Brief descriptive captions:
——

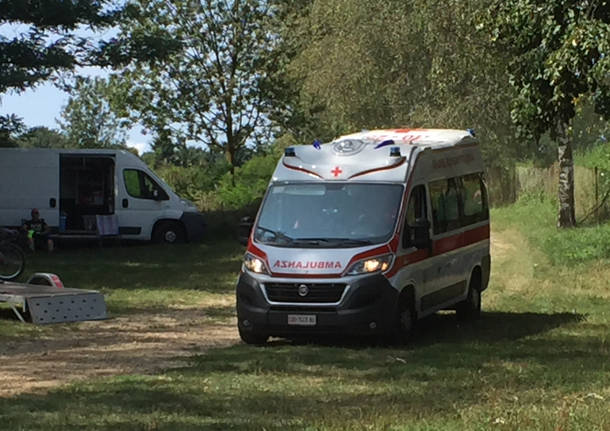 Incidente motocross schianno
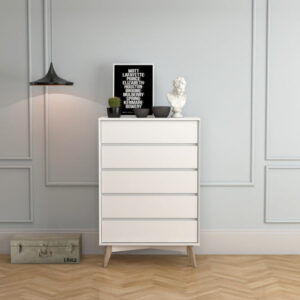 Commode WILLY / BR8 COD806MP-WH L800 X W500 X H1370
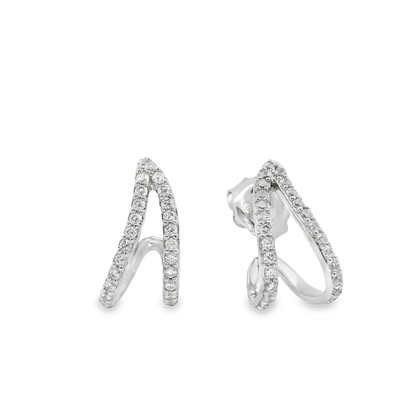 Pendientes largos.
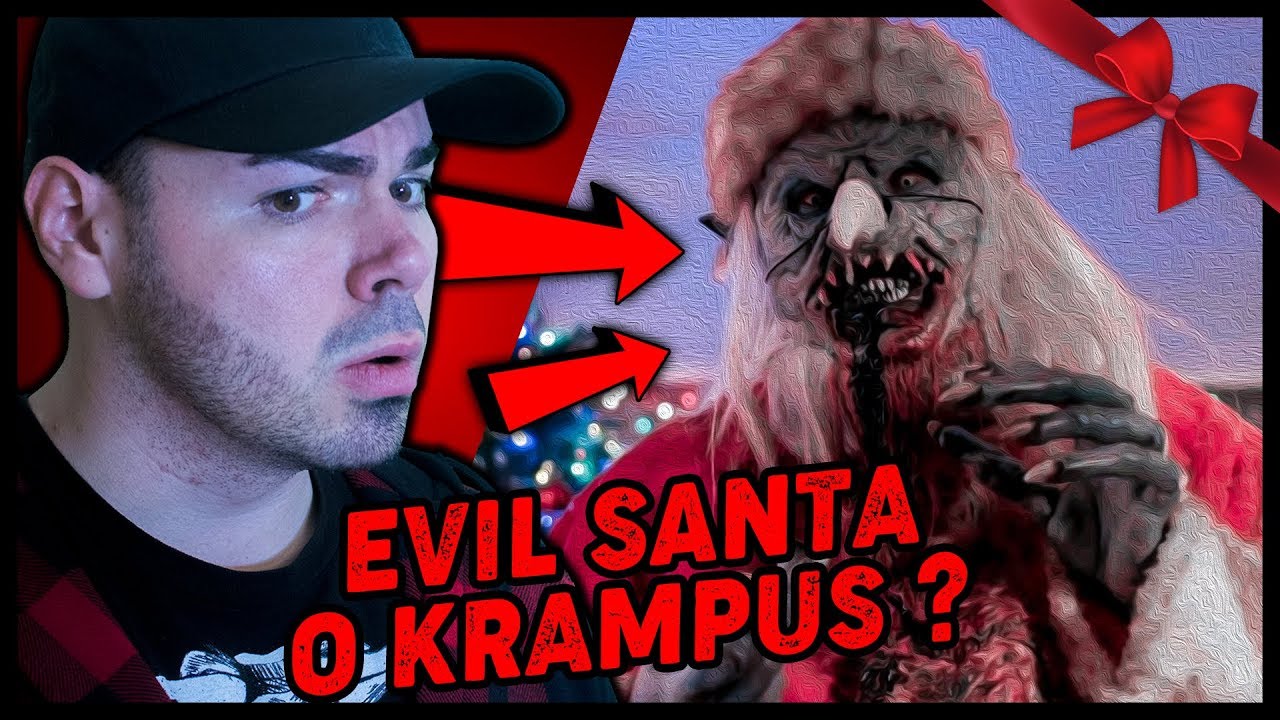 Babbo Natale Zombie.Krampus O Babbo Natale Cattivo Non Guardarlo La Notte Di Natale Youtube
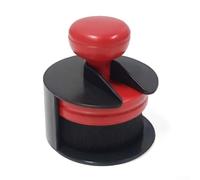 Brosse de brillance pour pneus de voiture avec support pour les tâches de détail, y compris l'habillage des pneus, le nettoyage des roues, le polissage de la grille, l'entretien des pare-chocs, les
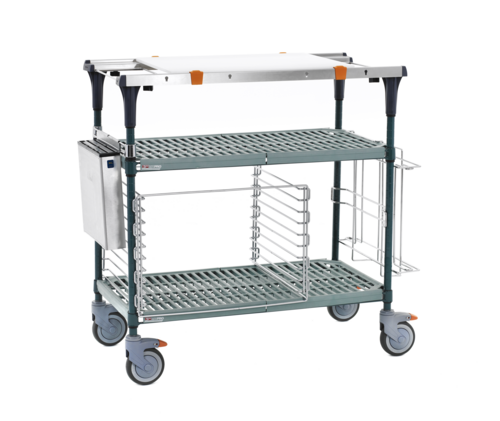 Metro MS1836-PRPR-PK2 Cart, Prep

——

REQUIREMENT: Only the lines from the line containing "Babbo Natale Zombie.Krampus" through the last line of the entries above should be reproduced, word for word and without pictures.

RESPONSE AREA:
 Babbo Natale Zombie.Krampus O Babbo Natale Cattivo Non Guardarlo La Notte Di Natale Youtube
 Brosse de brillance pour pneus de voiture avec support pour les tâches de détail, y compris l'habillage des pneus, le nettoyage des roues, le polissage de la grille, l'entretien des pare-chocs, les
 Metro MS1836-PRPR-PK2 Cart, Prep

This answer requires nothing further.